=== Section Start ===

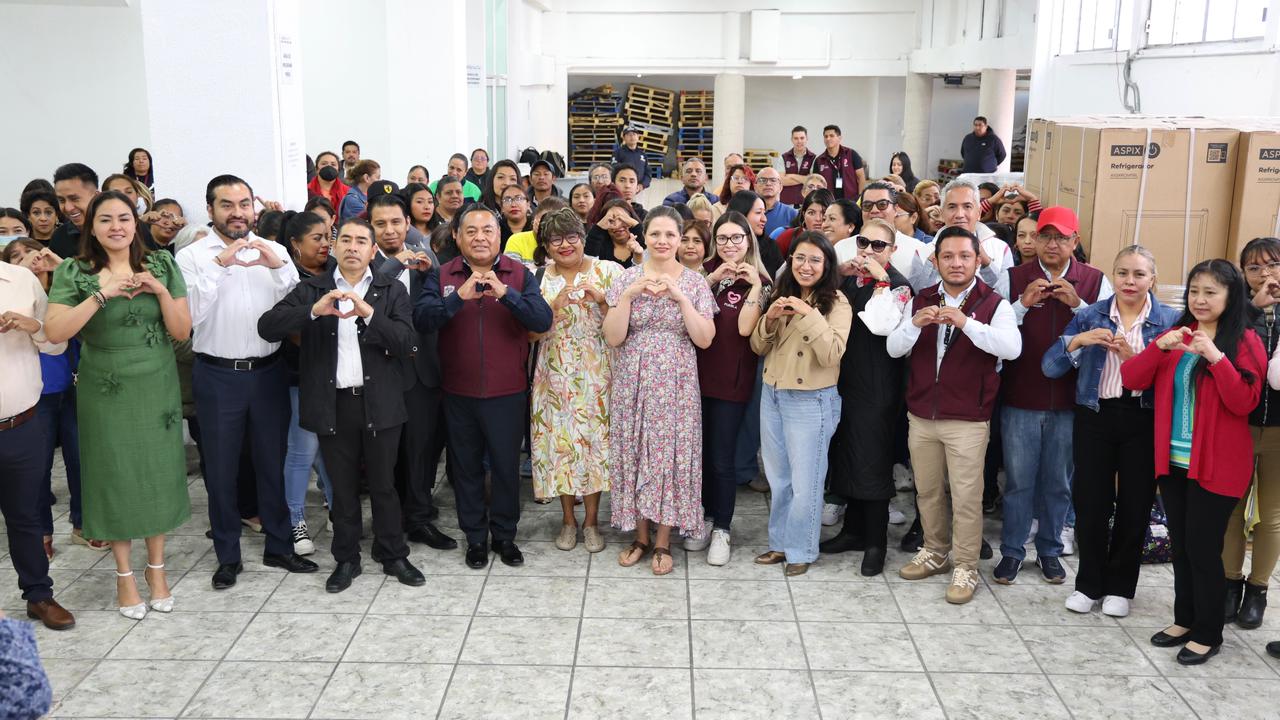 ¡Desayunos calientes, sonrisas gigantes! SEDIF fortalece la nutrición escolar en Puebla
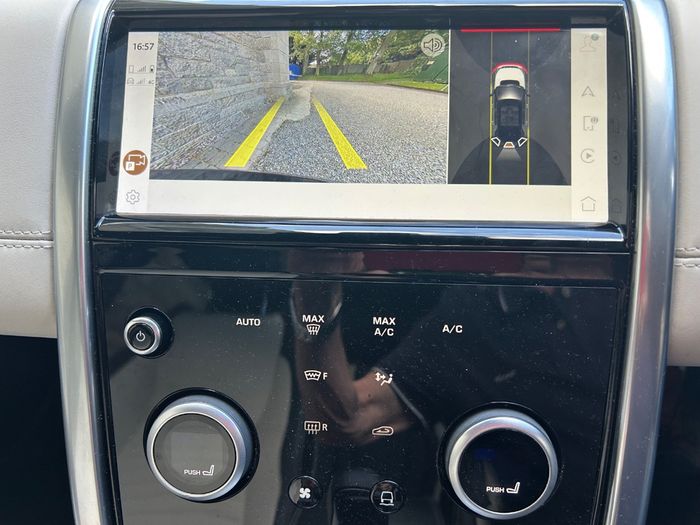 Land Rover Discovery Sport 2023
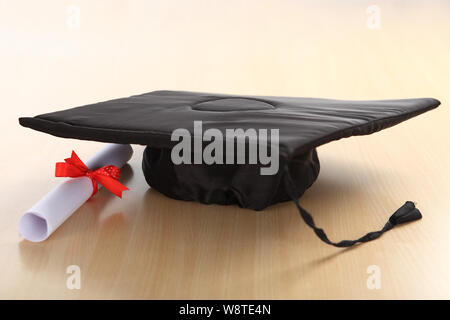 Mortarboard con diploma Foto Stock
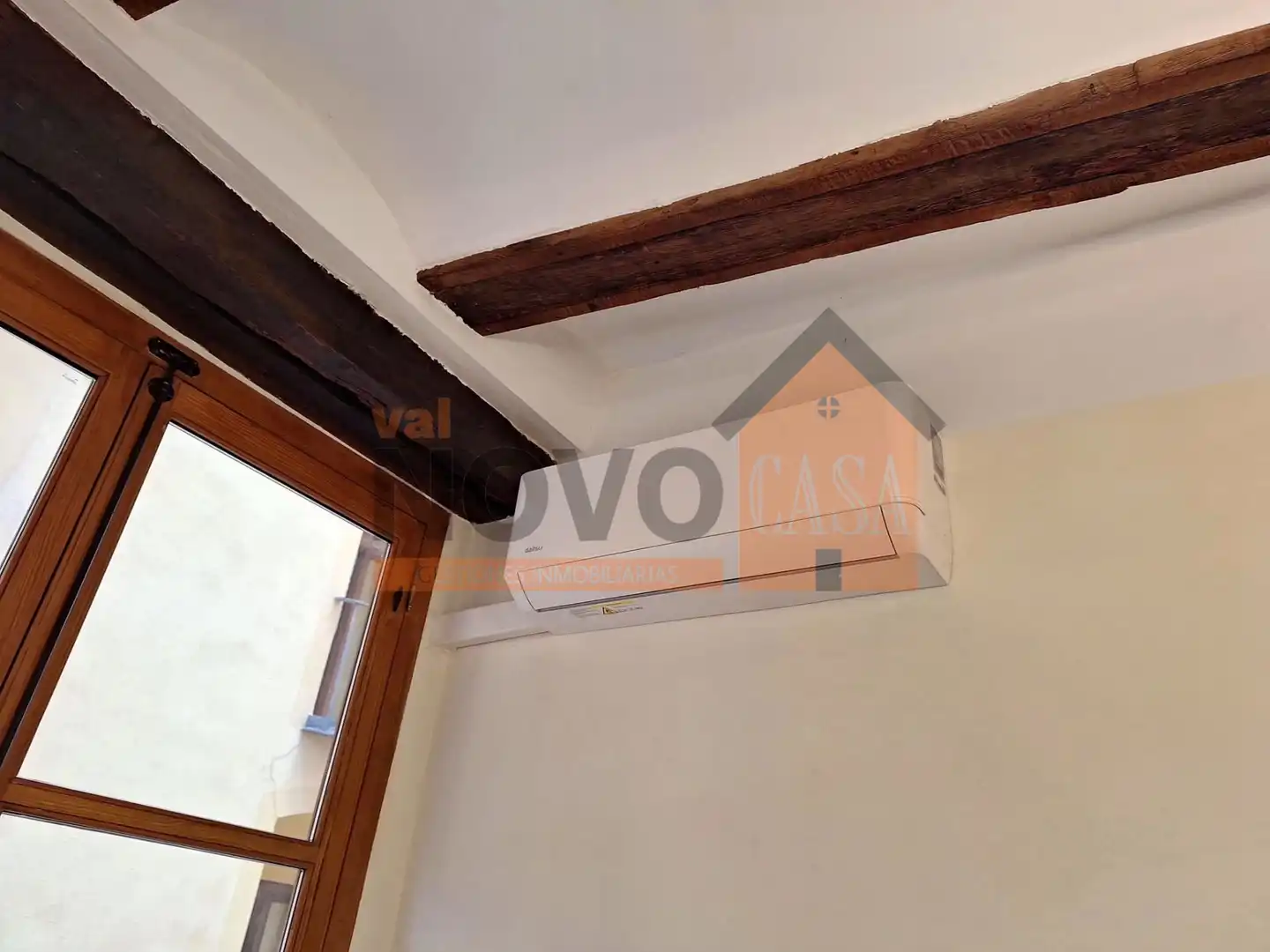 Balcony of Flat for rent in Valencia  with Air Conditioner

=== Section End ===

> [Task requirements]:
Reproduce the data word for word without its images.

> [Response to this exercise]:
 ¡Desayunos calientes, sonrisas gigantes! SEDIF fortalece la nutrición escolar en Puebla
 Land Rover Discovery Sport 2023
 Mortarboard con diploma Foto Stock
 Balcony of Flat for rent in Valencia  with Air Conditioner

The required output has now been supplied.